The Central Limit Theorem states that when the sample size is sufficiently large (typically greater than or equal to 30), the sampling distribution of a population proportion (p) is approximately normal, regardless of the shape of the population distribution.
In this case, the statement claims that a sample size of 900 is not large enough to conclude that the sampling distribution of p is normal when the estimate of the population proportion is 0.995. To verify this, we can apply the guidelines of the Central Limit Theorem.

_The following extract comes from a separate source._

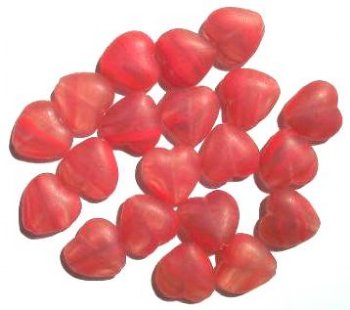 20 15mm Matte Crystal Red Marble Glass Heart Beads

To estimate if a sample size is large enough, we need to examine the expected number of successes and failures in the sample. The general rule of thumb suggests that both the number of successes (n * p) and failures (n * (1 - p)) should be greater than or equal to 10, where 'n' is the sample size and 'p' is the estimated population proportion.
In this case, the estimated population proportion is 0.995, and the sample size is 900. Multiplying these values, we get approximately 896.55, which satisfies the guideline of having more than 10 successes. Similarly, the number of failures can be calculated by subtracting the number of successes from the sample size (900 - 896.55), resulting in 3.45, which is less than 10.
Based on the guideline, the sample size of 900 is indeed large enough to conclude that the sampling distribution of p is approximately normal, given the estimate of the population proportion of 0.995. Therefore, the statement is false, as the sample size is adequate for the Central Limit Theorem to apply.